Exercise aim: Nothing should appear in the answer except the lines below from the line containing "Compass Rose on" through the line containing "Square Fabric Drawer", copied exactly, with pictures left out.

Records shown:
·····
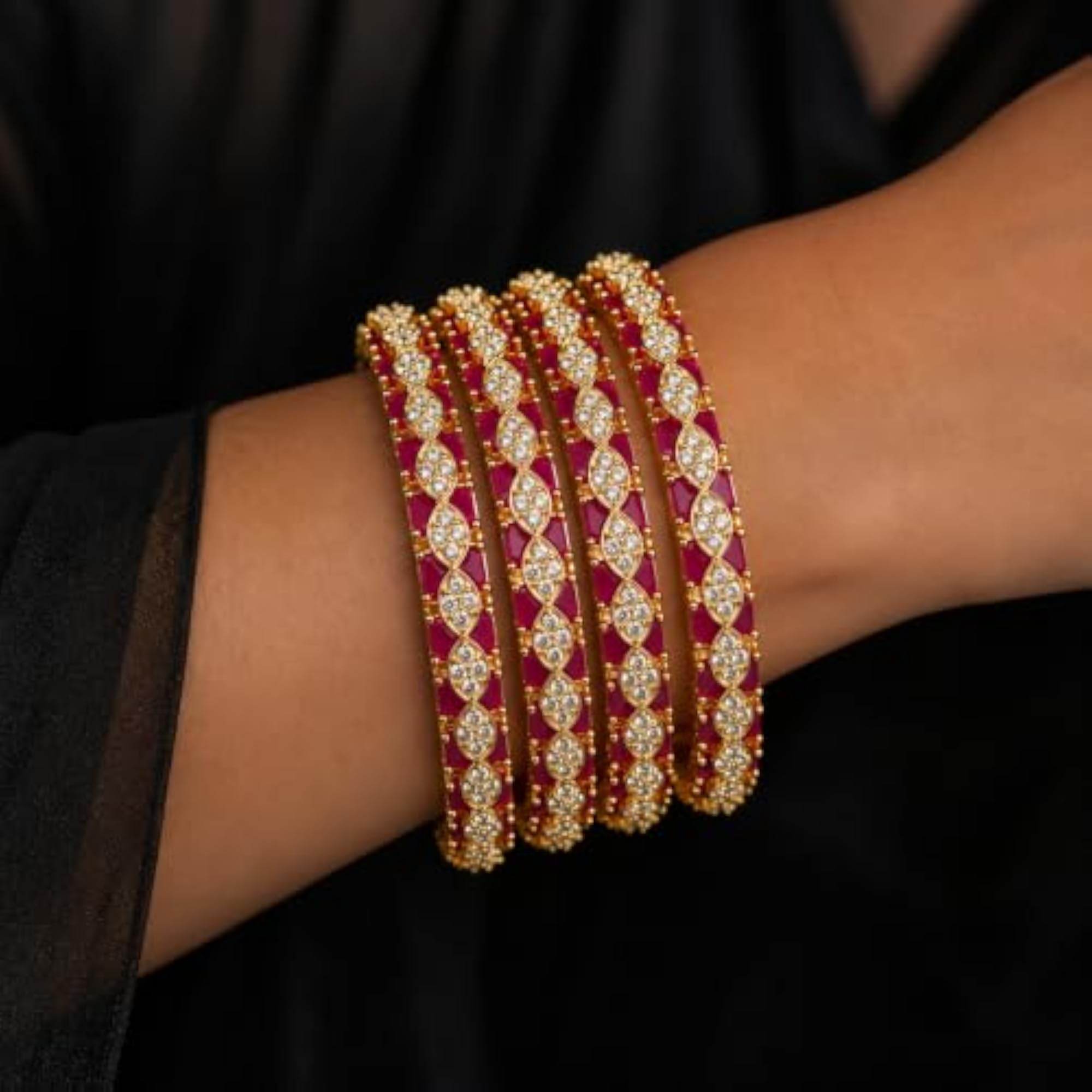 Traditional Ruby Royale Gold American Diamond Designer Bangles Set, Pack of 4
·····
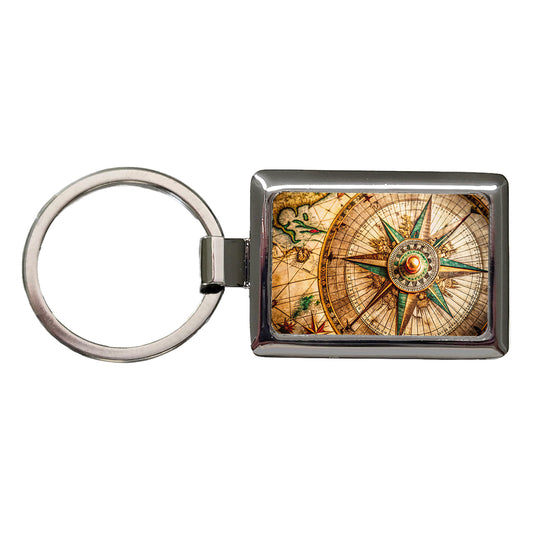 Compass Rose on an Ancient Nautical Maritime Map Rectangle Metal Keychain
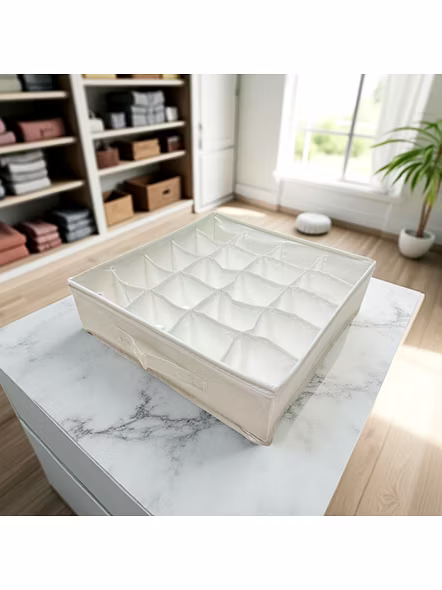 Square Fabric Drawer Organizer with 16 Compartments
·····
Answer for this exercise:
 Compass Rose on an Ancient Nautical Maritime Map Rectangle Metal Keychain
 Square Fabric Drawer Organizer with 16 Compartments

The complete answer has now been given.